# [Your instructions]
Look through the listing below for the line containing "Cameron Roofing Contractors". Copy it and each line after it up to and including the line containing "мъжки,блузи,с,яка,to", exactly, leaving out pictures.

# [Data to process]
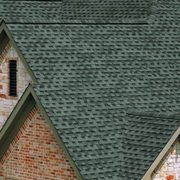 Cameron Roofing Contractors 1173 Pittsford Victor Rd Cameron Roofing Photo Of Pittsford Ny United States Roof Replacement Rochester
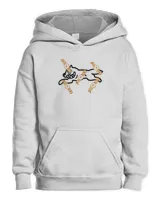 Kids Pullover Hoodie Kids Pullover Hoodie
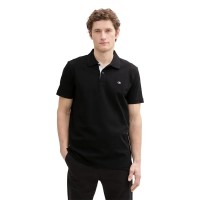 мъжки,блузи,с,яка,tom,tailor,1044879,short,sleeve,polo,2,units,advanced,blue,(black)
==
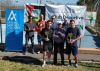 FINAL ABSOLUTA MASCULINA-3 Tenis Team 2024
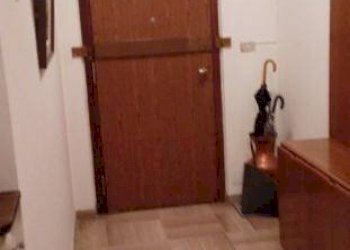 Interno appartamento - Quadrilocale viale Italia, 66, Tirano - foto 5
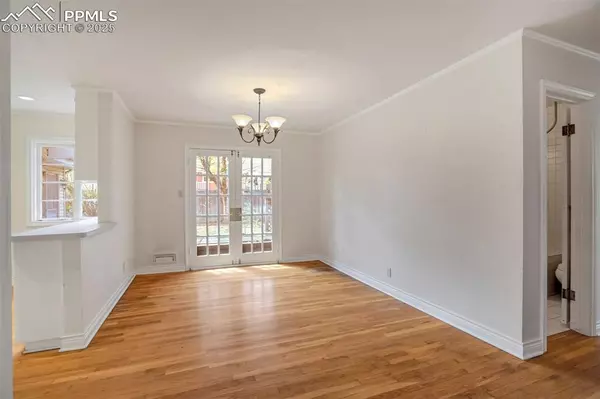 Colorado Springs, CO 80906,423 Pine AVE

# [Result for this task]
 Cameron Roofing Contractors 1173 Pittsford Victor Rd Cameron Roofing Photo Of Pittsford Ny United States Roof Replacement Rochester
 Kids Pullover Hoodie Kids Pullover Hoodie
 мъжки,блузи,с,яка,tom,tailor,1044879,short,sleeve,polo,2,units,advanced,blue,(black)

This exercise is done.